People have kept animals as pets throughout history, and it’s no real surprise. They can provide companionship, fun, interest and so much more. Having said that, not all pets are suited for everyone. Perhaps you feel it’s time that you got yourself a pet, but are unsure how to choose. In this article, we’ll discuss some of the key things you need to think about before you decide.
Do Some Research
There are many specialist websites that can help you determine which animal is right for your lifestyle and personality. They can also provide information on what taking care of that animal will entail. Another great resource would be blogs written by people who have actually adopted or raised the type of animal you’re interested in. They’ll be able to give you tons of first-hand advice about caring for it and what to expect from the experience.

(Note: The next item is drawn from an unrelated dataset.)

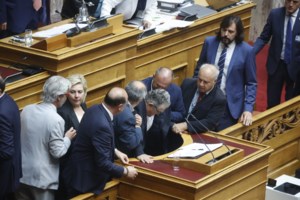 Βουλή - Στίγκας: Οι "Σπαρτιάτες" είμαστε πλέον η εθνική φωνή όλων των Ελλήνων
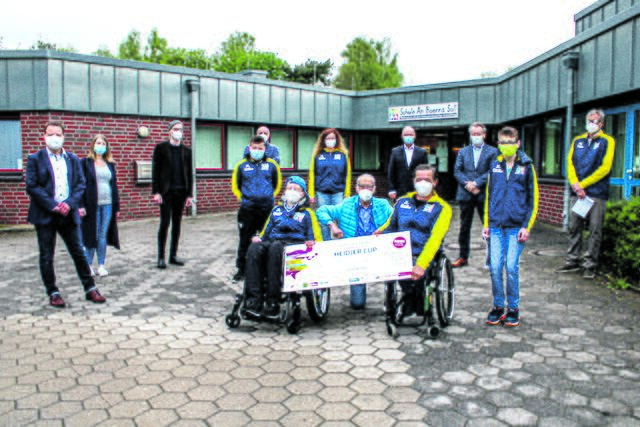 Bei der Scheckübergabe: Schüler und Verantwortliche der Förderschule An Boerns Soll, Organisatoren und Sponsoren der Veranstaltung "Laufen und Fördern"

Once you’ve decided on an animal you can make your Google searches even more specific. If you’re interested in Chinchilla behavior and temperament you can watch quick videos and discover their personality traits. It’s possible to learn about everything from chewing, biting, and aggression to handling, pregnancy, and noise. You should also seek advice from those who’ve already owned a similar pet to the one that you’re considering. This could be a friend, colleague, or pet store owner/breeder.
Think About Your Availability
Ask yourself how much time you would have to take care of the pet every day. Think about your work schedule, life events, and any other activities that would impact this. Decide whether you are willing and able to provide the appropriate food, water, shelter, maintenance, love and attention etc. that this pet would need.
Think about such things as the need to employ a dog walker or cattery/dog kennels when you are away. If a certain species of dog is likely to experience separation anxiety, think again if you can’t be there for it. In contrast, you may be a lonely person who would love nothing more than spending your time with a new pet.
Think About Costs
Here are some of the possible expenses you may encounter:
- the initial cost of the pet
- general ongoing expenses, such as food, toys, bedding, equipment
- cattery or dog kennel fees
- veterinary fees, including regular checkups, medical treatment and vaccinations
- licensing fees
If your budget is not able to cover all the necessary costs, it might be better if you consider choosing another type of animal. Alternatively, find some extra ways to raise the cash or wait until you have enough money saved up.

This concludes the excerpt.